Asco. Ya no tan profundo. Las víctimas no hacemos política. No nos acerque a esa hoguera porque no nos quema. Yo conocí el infierno, ardí allí siendo muy niño y no es mi deseo alimentar esos fuegos. Bastante tenemos con salvarnos de las brasas que los miembros de la Iglesia católica de este país dejaron prendidas bajo nuestros pies con su mala fe y su encubrimiento sistemático. No nos torture usted y no mezcle nuestro dolor con esa proclama contra la amnistía que no procede.

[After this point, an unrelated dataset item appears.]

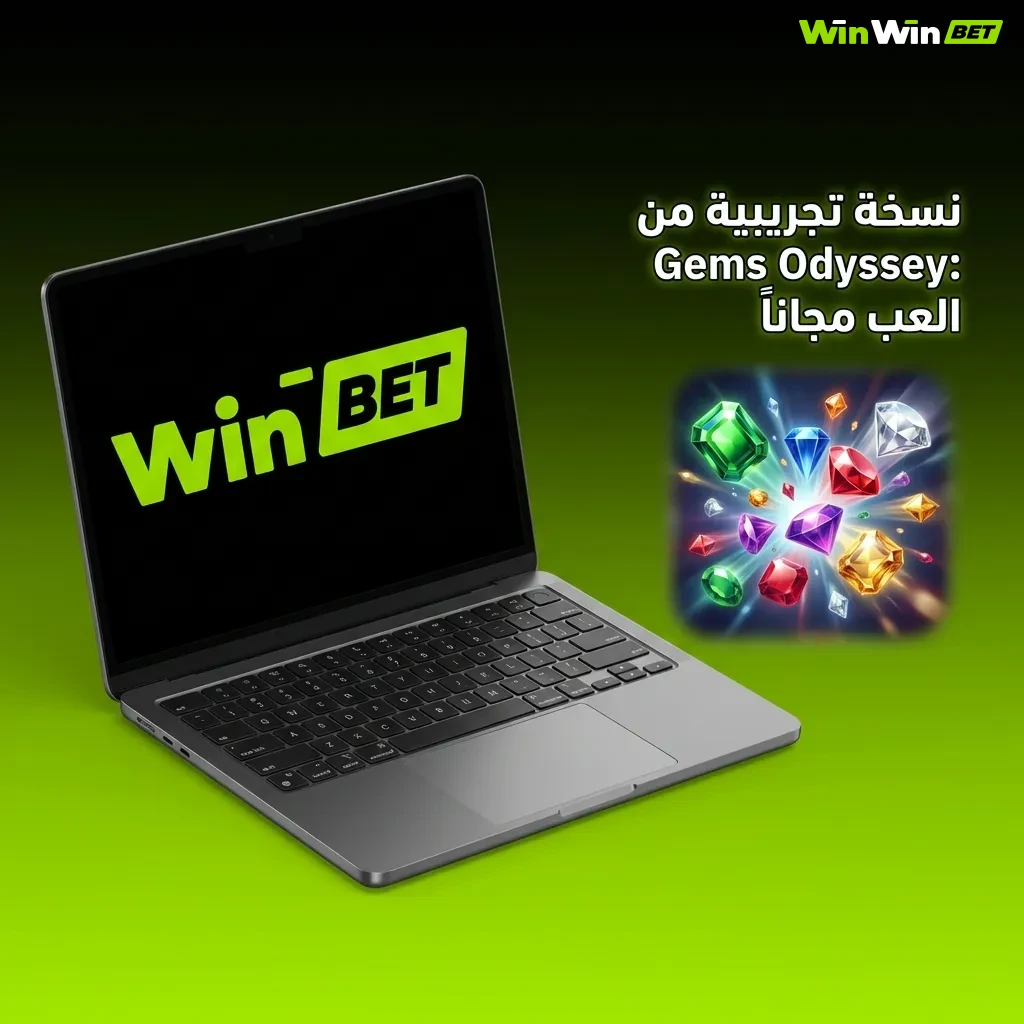 Gems Odyssey welcome bonus for Egyptian players: 200% deposit bonus plus 150 free spins on WinWin casino platform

Aquí, al lado de los 440.000 niños y niñas no. Nunca.

Quizá, y tómese esto como humilde sugerencia, podría usted acompañar a los cuarenta obispos españoles que el Papa ha convocado de urgencia en el Vaticano, puede que para pasar cuentas por recuerdos, delitos y encubrimientos varios. Me aventuro a suponer que le parecerá una buena idea pedir para ellos —para ellos sí— una amnistía por todo el daño causado. Acompáñelos, y recuérdeles, de paso, que negar la verdad es también mentira, que mentir es faltar al octavo mandamiento y que los miles de niños que nos quedamos sin infancia ya hemos aprendido a defendernos. Y a hablar.